I would not at all be surprised if something Wave-ish became a huge deal someday, not would I be surprised if a dozen companies tried it and failed before someone makes it work.


Wave was what Facebook is. No one jumped.


Really miss picasa. I know the world is moving away from tagging your photos with descriptive words, but I still do it.

As with any Picasa related subject: Does anyone have a viable alternative desktop software that allows tagging of photos, some mild editing and allowing photos to be kept in folders that are the albums.


Picasa's flow is still the best quick-edit system I've used. I am comfortable with Lightroom & Photoshop, and they're great tools. But Picasa did a stellar job of balancing simple/lightweight/fast/useful in a manner I haven't seen replicated anywhere else.


I'm glad somebody said this. I totally agree. I still use the Picasa desktop software. It's brilliant for picking out best pics and tweaking them. The web interface just doesn't compare.

When they announced that the desktop software was going away, I immediately downloaded the final version and archived it away. More than likely I will use it until Windows no longer supports it... unless someone "makes a better Picasa".
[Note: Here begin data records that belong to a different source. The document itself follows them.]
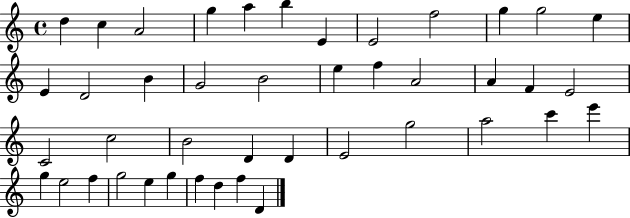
{
  \clef treble
  \time 4/4
  \defaultTimeSignature
  \key c \major
  d''4 c''4 a'2 | g''4 a''4 b''4 e'4 | e'2 f''2 | g''4 g''2 e''4 | \break e'4 d'2 b'4 | g'2 b'2 | e''4 f''4 a'2 | a'4 f'4 e'2 | \break c'2 c''2 | b'2 d'4 d'4 | e'2 g''2 | a''2 c'''4 e'''4 | \break g''4 e''2 f''4 | g''2 e''4 g''4 | f''4 d''4 f''4 d'4 | \bar "|."
}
It probably has only gotten more responsive by virtue of being made to run fast on hardware from the early 2000s


You're not wrong. I'll be genuinely sad when Windows eventually drops whatever API support allows it to keep running without emulation.
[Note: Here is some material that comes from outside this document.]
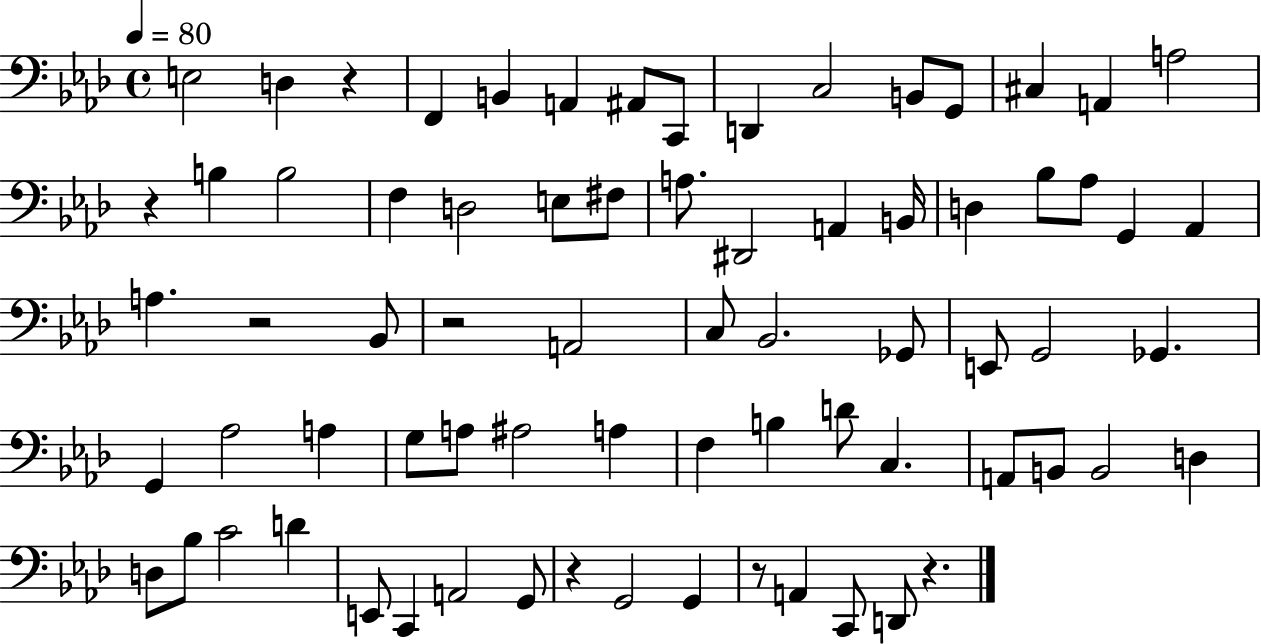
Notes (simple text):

E3/h D3/q R/q F2/q B2/q A2/q A#2/e C2/e D2/q C3/h B2/e G2/e C#3/q A2/q A3/h R/q B3/q B3/h F3/q D3/h E3/e F#3/e A3/e. D#2/h A2/q B2/s D3/q Bb3/e Ab3/e G2/q Ab2/q A3/q. R/h Bb2/e R/h A2/h C3/e Bb2/h. Gb2/e E2/e G2/h Gb2/q. G2/q Ab3/h A3/q G3/e A3/e A#3/h A3/q F3/q B3/q D4/e C3/q. A2/e B2/e B2/h D3/q D3/e Bb3/e C4/h D4/q E2/e C2/q A2/h G2/e R/q G2/h G2/q R/e A2/q C2/e D2/e R/q.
Microsoft is famously unwilling to let software stop working. Picasa will probably work forever.


Dropping Win16 was a bad sign. https://www.joelonsoftware.com/2004/06/13/how-microsoft-lost... talks about the back compat faction losing power at Microsoft.


Interesting read. A lot has changed in the almost 15 years since he published it. Has he done any followups?


It's not free, but Lightroom is the canonical software for this purpose.


I used lightroom too. I'm on the last version that isn't subscription based. Since I didn't upgrade my camera, I could stick with the old version (Adobe doesn't back port new cameras into the old version of its software). I noticed the "view photos on map" feature is now broken.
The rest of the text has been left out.